(Stored items from a collection)
•••••

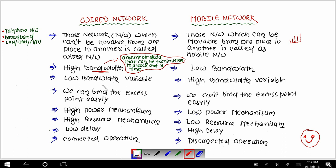The next point says that in mobile networks the bandwidth is variable, meaning it changes. When bandwidth is high in wired networks, its variance is less — it stays at a fixed amount. But in case of mobile network, the bandwidth is variable: the data transmitted can be sometimes more, sometimes less — it keeps changing.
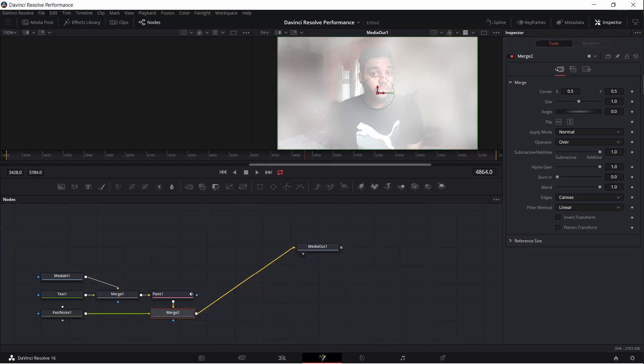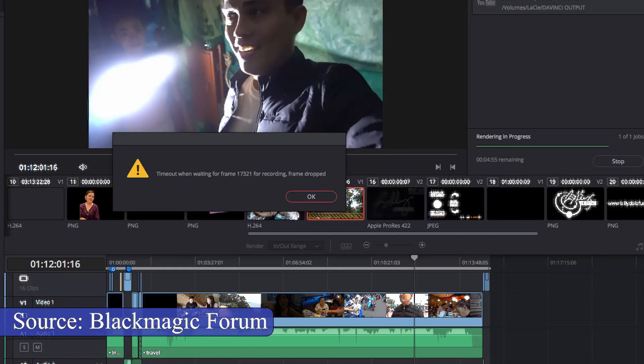There are a lot of advantages to this tip. It is going to make your Fusion page faster. It's going to fix rendering errors such as timeout, waiting for frame, frame drop, and a lot of other issues with DaVinci Resolve's performance.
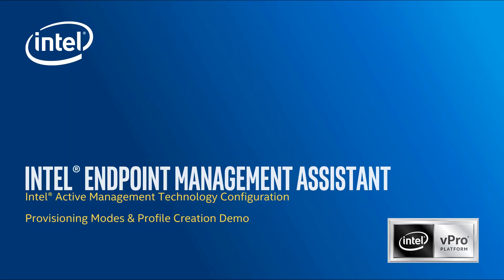Hi, this is Dan Brunton with the Intel Corporation. In this video, the second of a set of three, we're going to be talking a little more about Intel Endpoint Management Assistant and Intel Active Management Technology. In this video, we're going to focus on discussion of Intel provisioning modes and include a demo of AMT profile creation inside of Intel EMA itself. Let's begin.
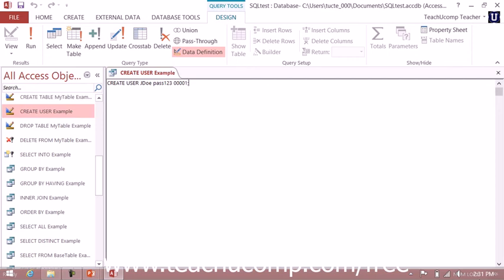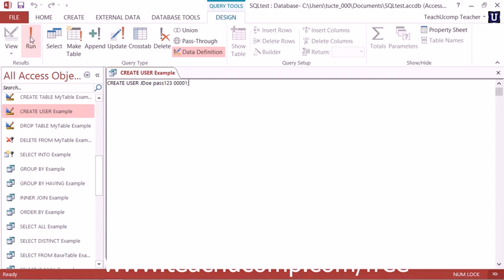Let's take a look at using it in Access 2013 with an ANSI 92 compliant database. In that case, the syntax is CREATE USER, then the username, then the password for the username, followed by a unique identification number for that particular user. To execute the statement, just click the Run button and the user has been created.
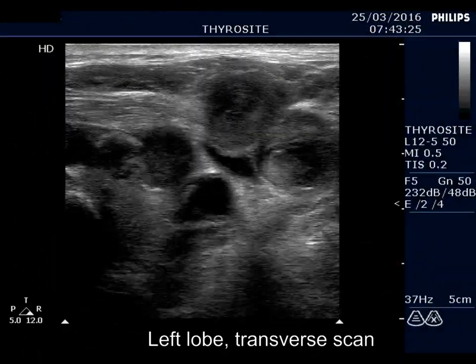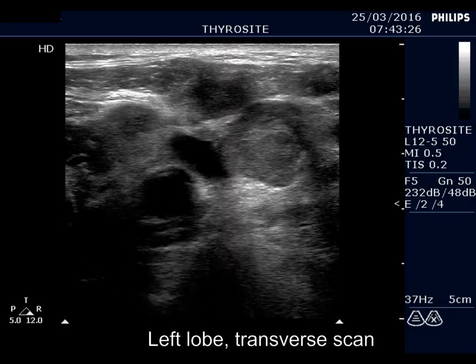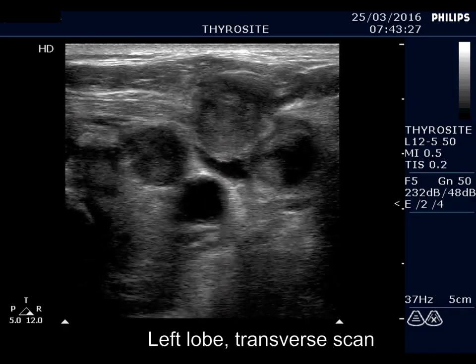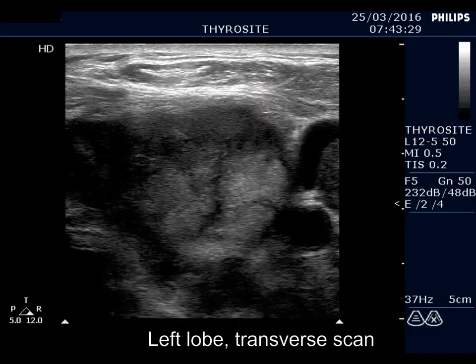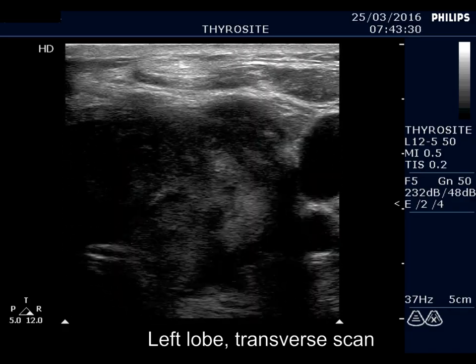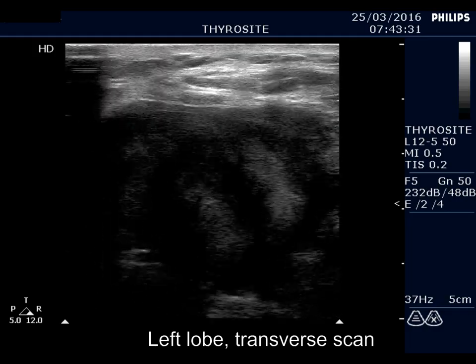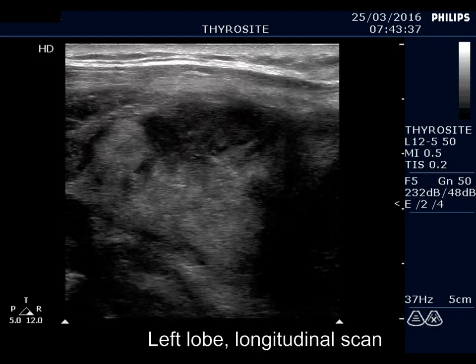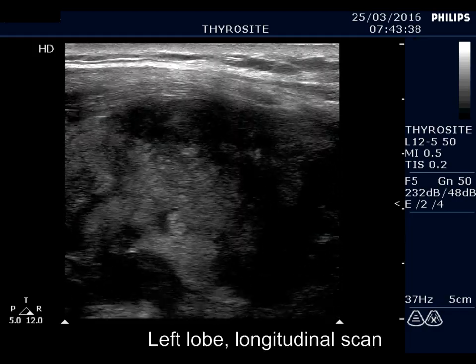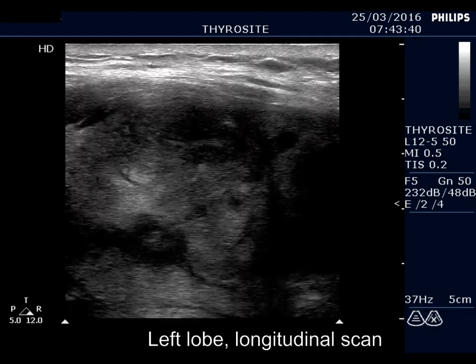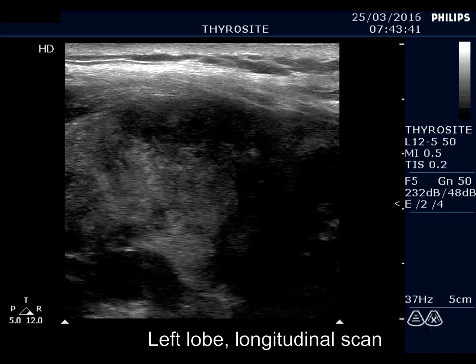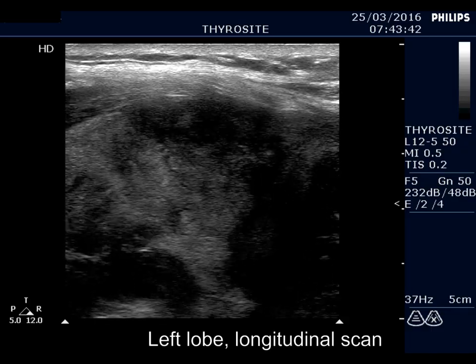First, we are above and ventral to the left lobe, and now the lobe is presented. A large, inhomogeneous, partly deeply hypoechoic, partly minimally hypoechoic or econormal mass occupies the left lobe.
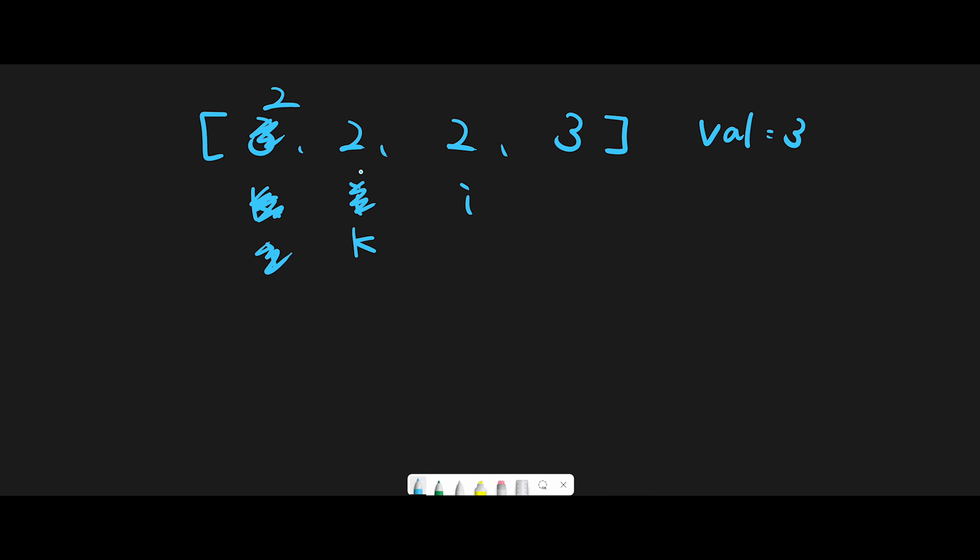So next target position should be index 2. And then move next. So now we find the 3. They are the same, so we don't do anything. And then move next.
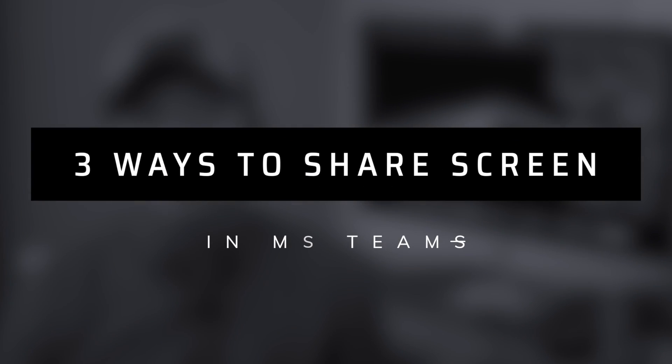Hey, what's up everyone? In this video, I'll show you a few different ways you can share your screen in a Microsoft Teams meeting.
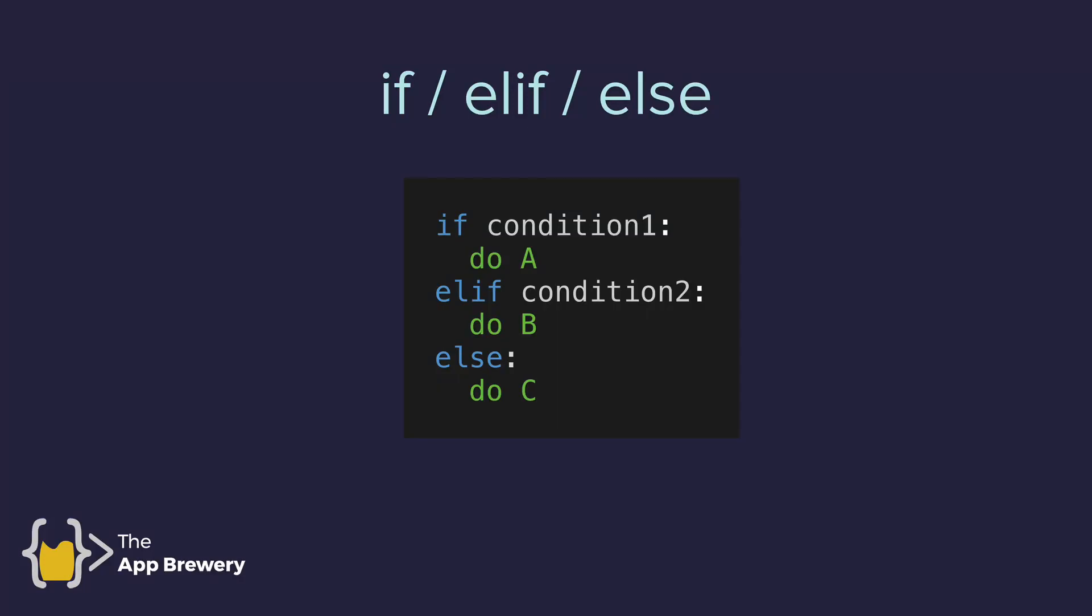Now, in the last lesson, we saw how we could use if, elif, else to check for multiple conditions. But in this case, we're only checking one condition, even though we have multiple. Because if this first condition is true, then we would do whatever it is we need to do, and then we would bypass everything else.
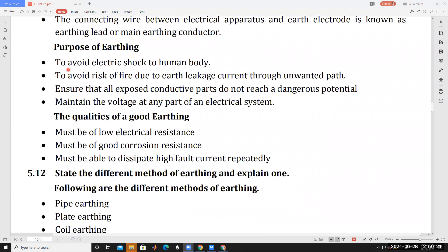The purposes of earthing are: to avoid electric shock to the human body; to avoid the risk of fire due to earth leakage current through unwanted paths; to ensure that all exposed conductive parts do not reach a dangerous potential; and to maintain the voltage at any part of an electrical system.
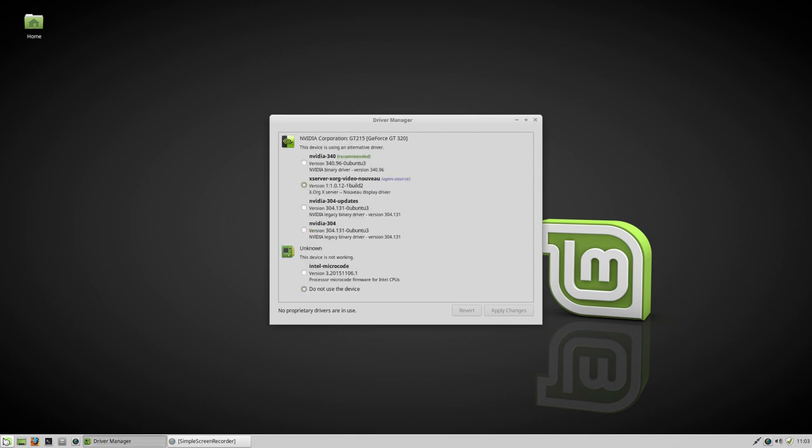And it figured out that I have an NVIDIA 340, so this is GT215. This is the name I bought it under in the shop, and there's also an Intel microcode that I can use if I want to.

•••••

• Instructions to follow:
Return all the data above as written, leaving out only the pictures.

• Expected answer:
The next point says that in mobile networks the bandwidth is variable, meaning it changes. When bandwidth is high in wired networks, its variance is less — it stays at a fixed amount. But in case of mobile network, the bandwidth is variable: the data transmitted can be sometimes more, sometimes less — it keeps changing.
There are a lot of advantages to this tip. It is going to make your Fusion page faster. It's going to fix rendering errors such as timeout, waiting for frame, frame drop, and a lot of other issues with DaVinci Resolve's performance.
Hi, this is Dan Brunton with the Intel Corporation. In this video, the second of a set of three, we're going to be talking a little more about Intel Endpoint Management Assistant and Intel Active Management Technology. In this video, we're going to focus on discussion of Intel provisioning modes and include a demo of AMT profile creation inside of Intel EMA itself. Let's begin.
Let's take a look at using it in Access 2013 with an ANSI 92 compliant database. In that case, the syntax is CREATE USER, then the username, then the password for the username, followed by a unique identification number for that particular user. To execute the statement, just click the Run button and the user has been created.
First, we are above and ventral to the left lobe, and now the lobe is presented. A large, inhomogeneous, partly deeply hypoechoic, partly minimally hypoechoic or econormal mass occupies the left lobe.
So next target position should be index 2. And then move next. So now we find the 3. They are the same, so we don't do anything. And then move next.
Hey, what's up everyone? In this video, I'll show you a few different ways you can share your screen in a Microsoft Teams meeting.
Now, in the last lesson, we saw how we could use if, elif, else to check for multiple conditions. But in this case, we're only checking one condition, even though we have multiple. Because if this first condition is true, then we would do whatever it is we need to do, and then we would bypass everything else.
The purposes of earthing are: to avoid electric shock to the human body; to avoid the risk of fire due to earth leakage current through unwanted paths; to ensure that all exposed conductive parts do not reach a dangerous potential; and to maintain the voltage at any part of an electrical system.
And it figured out that I have an NVIDIA 340, so this is GT215. This is the name I bought it under in the shop, and there's also an Intel microcode that I can use if I want to.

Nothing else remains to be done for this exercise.